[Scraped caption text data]
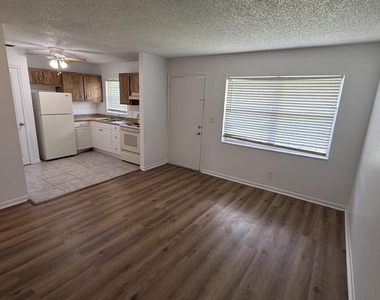 5186 Ne 6th Avenue - Photo Thumbnail 7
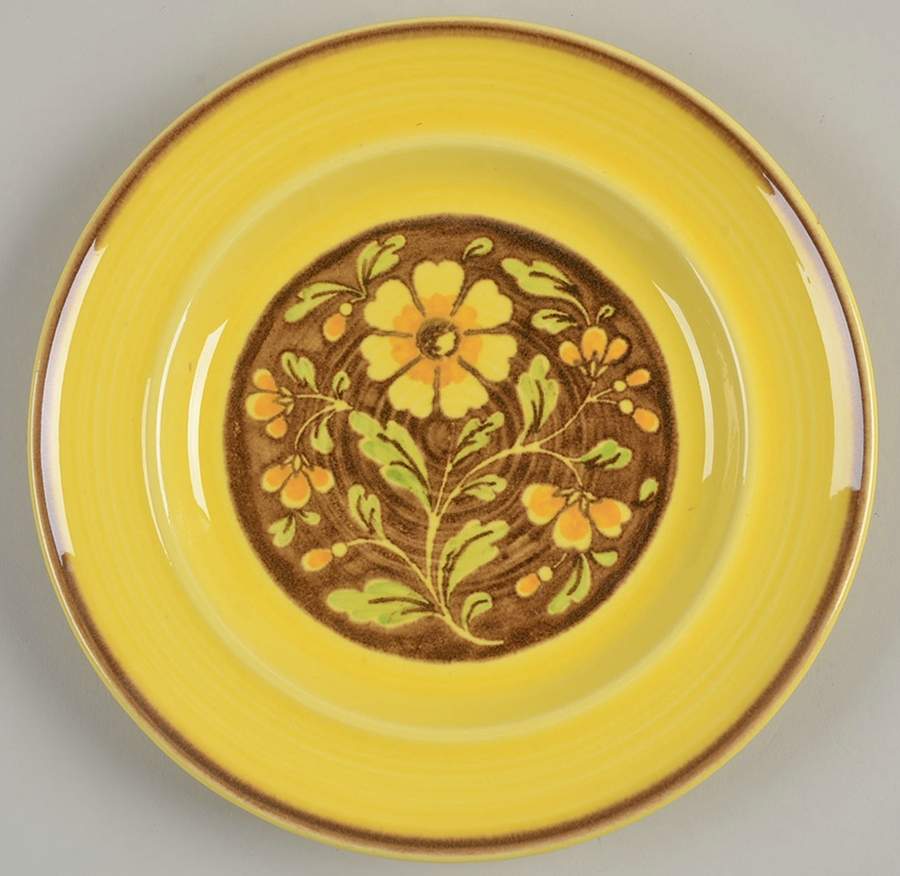 San Clemente Spanish Yellow Salad Plate by Metlox - Poppytrail - Vernon-1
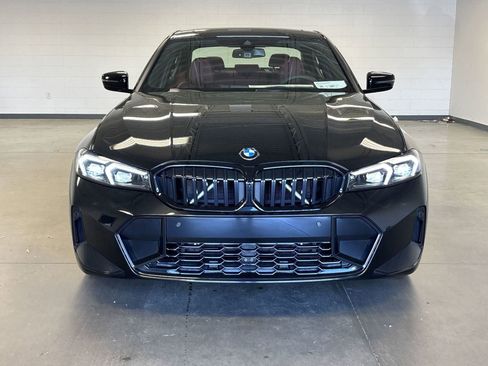 Used 2025 BMW 330i Sedan w/ M Sport Package image 5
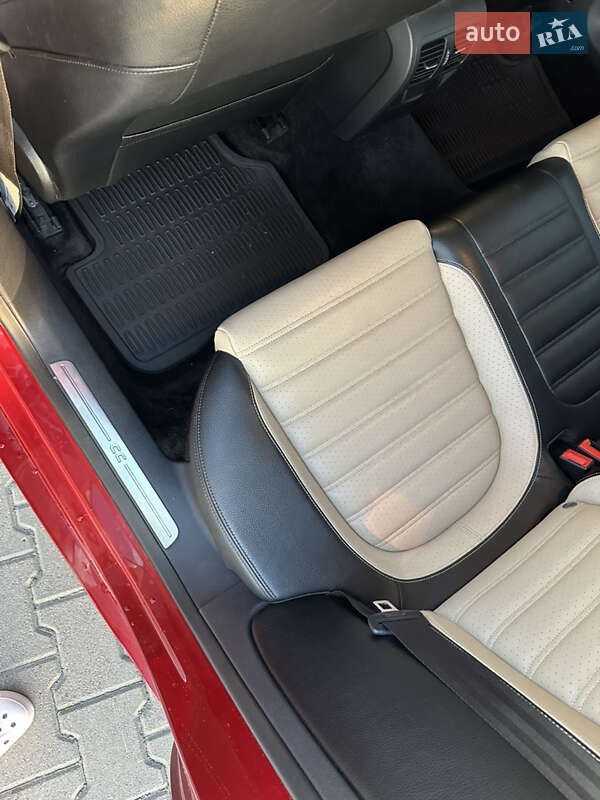 Купе Volkswagen CC / Passat CC 2013 в Києві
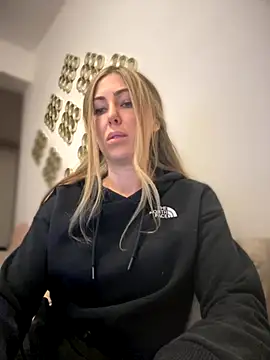 RaquelleDevon live sex cam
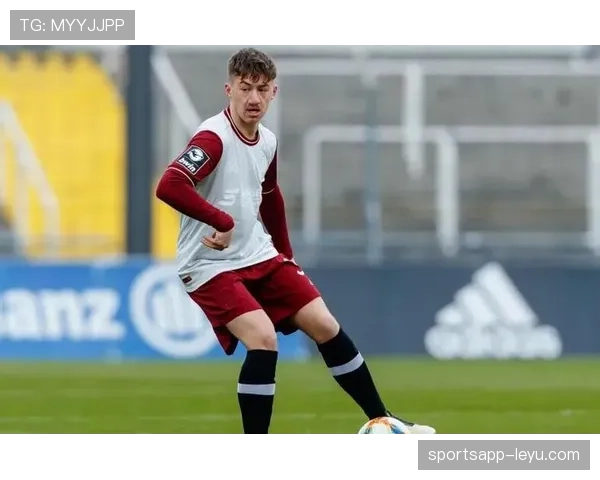 拜仁青训再结硕果,新星闪耀引足坛关注 拜仁青训再结硕果,新星闪耀引足坛关注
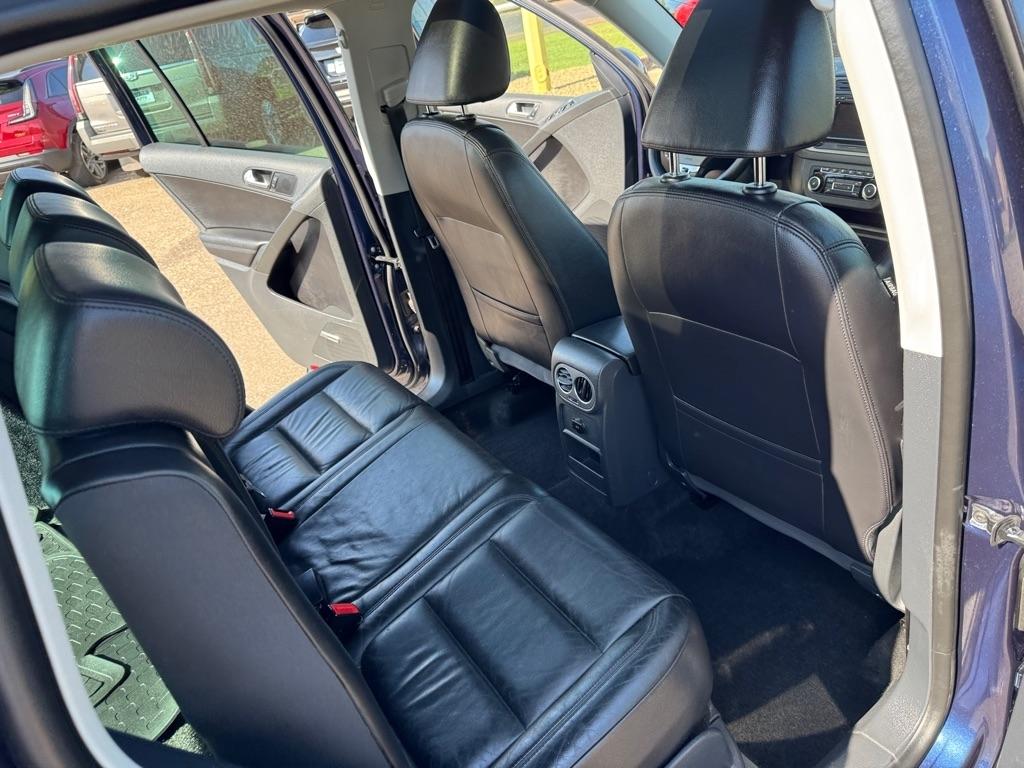 Volkswagen Tiguan 4WD 4dr S 4Motion 2011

**Work task**:
Your task is to transcribe exactly the lines from the one containing "RaquelleDevon live sex cam" through the final line of the entries above, pictures excluded.

**Problem solution**:
 RaquelleDevon live sex cam
 拜仁青训再结硕果,新星闪耀引足坛关注 拜仁青训再结硕果,新星闪耀引足坛关注
 Volkswagen Tiguan 4WD 4dr S 4Motion 2011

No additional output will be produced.